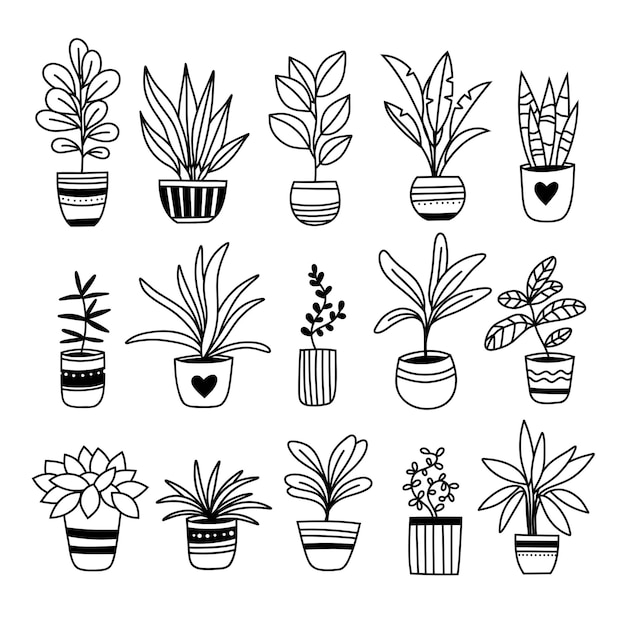 Doodle conjunto de plantas en macetas Ilustraciones de decoración de interiores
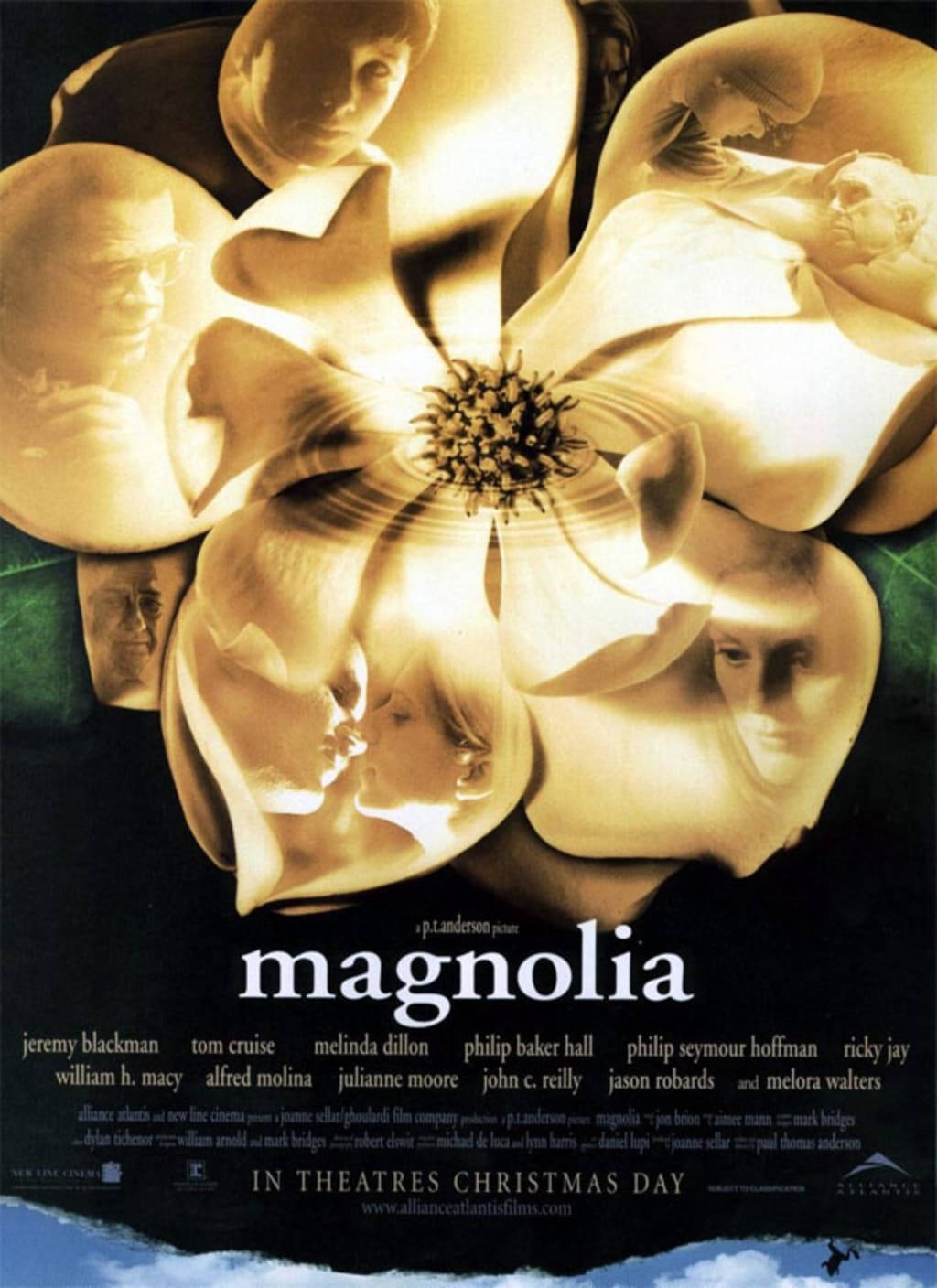 Magnolia, golden magnolia flower, translucent petals, HD Phone Wallpaper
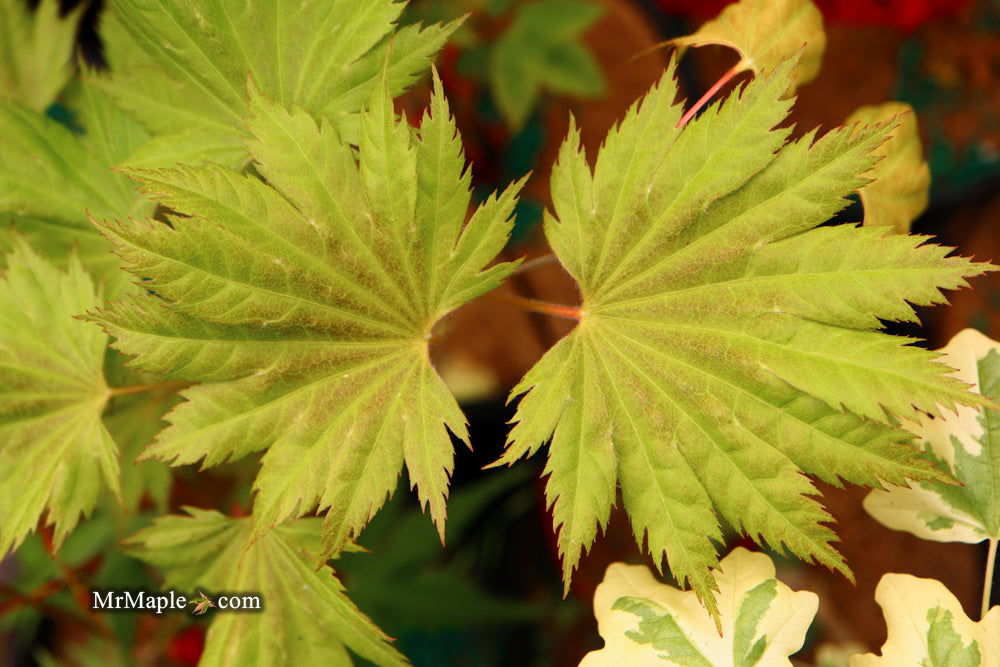 Discovering the Acer shirasawanum 'Bashful': A Unique Japanese Maple for Your Garden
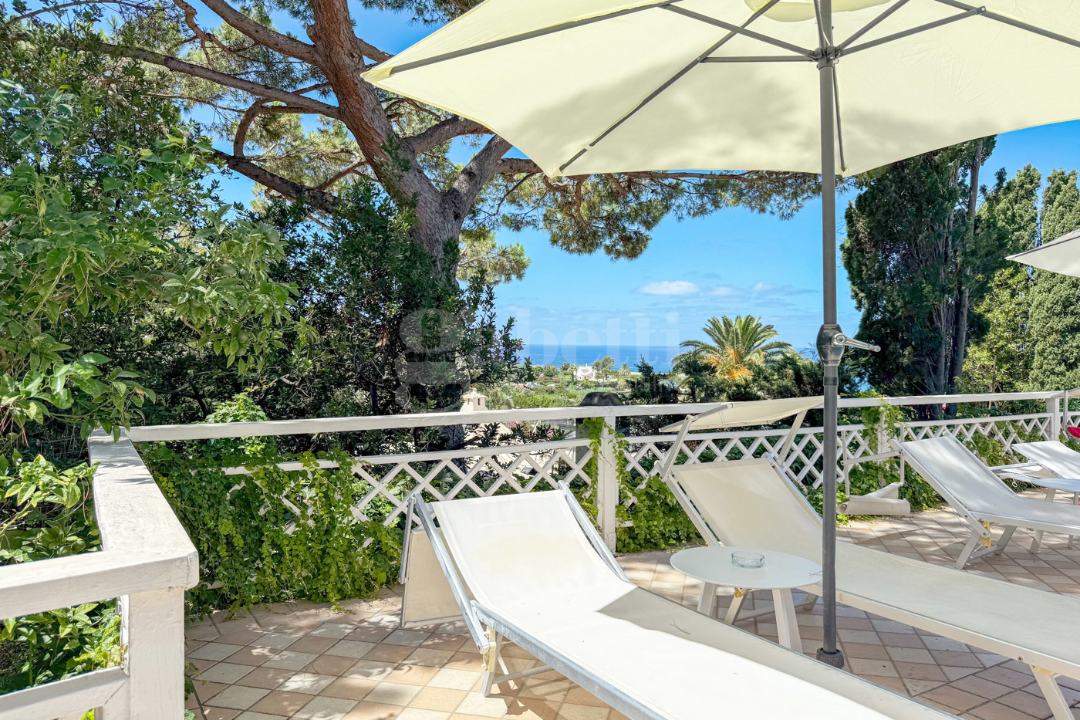 Complesso - Image 29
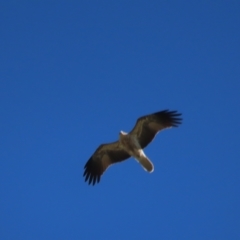 Haliastur sphenurus (Whistling Kite) at Fyshwick, ACT - 22 Apr 2023 by BenW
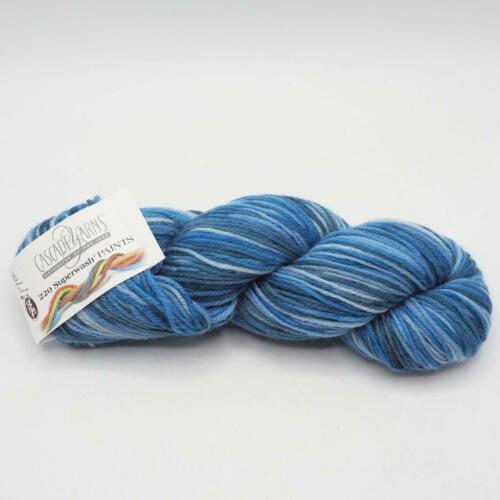 220 Superwash Paints ~ Blue Marble #9880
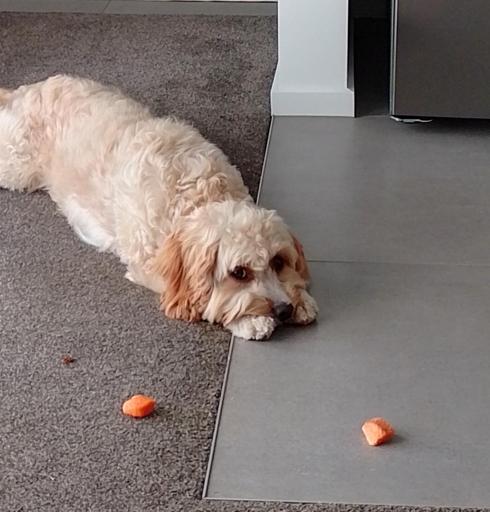 Sophie with salmon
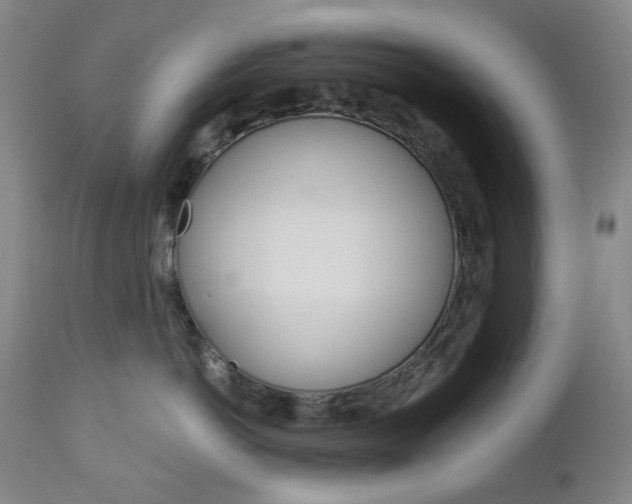 X0000113130766200909040933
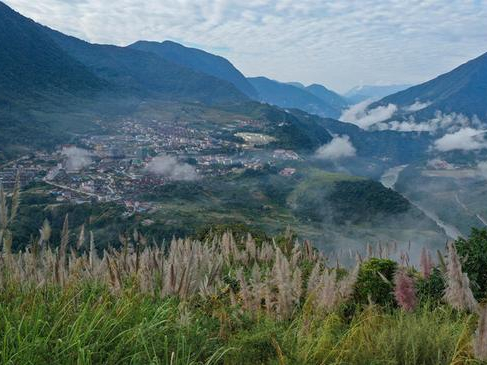 中国环境报快讯丨青藏高原生态保护法草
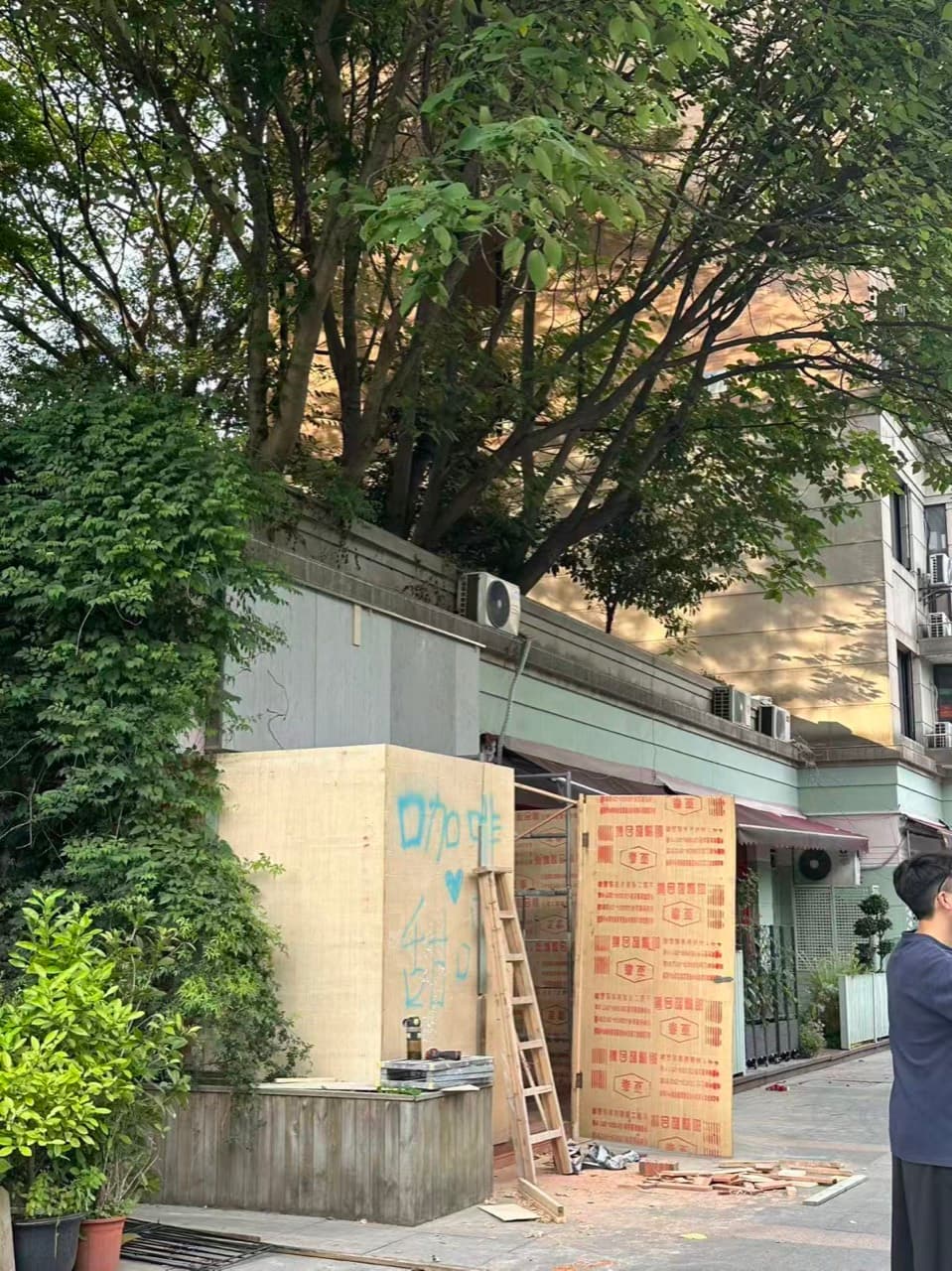 门面用木板围起来,门口一架梯子,旁边是绿植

◇ ◇ ◇ ◇ ◇ ◇ ◇

_What the task requires_
Repeat every entry exactly. Do not include the pictures.

_Reply to the exercise_
 Doodle conjunto de plantas en macetas Ilustraciones de decoración de interiores
 Magnolia, golden magnolia flower, translucent petals, HD Phone Wallpaper
 Discovering the Acer shirasawanum 'Bashful': A Unique Japanese Maple for Your Garden
 Complesso - Image 29
 Haliastur sphenurus (Whistling Kite) at Fyshwick, ACT - 22 Apr 2023 by BenW
 220 Superwash Paints ~ Blue Marble #9880
 Sophie with salmon
 X0000113130766200909040933
 中国环境报快讯丨青藏高原生态保护法草
 门面用木板围起来,门口一架梯子,旁边是绿植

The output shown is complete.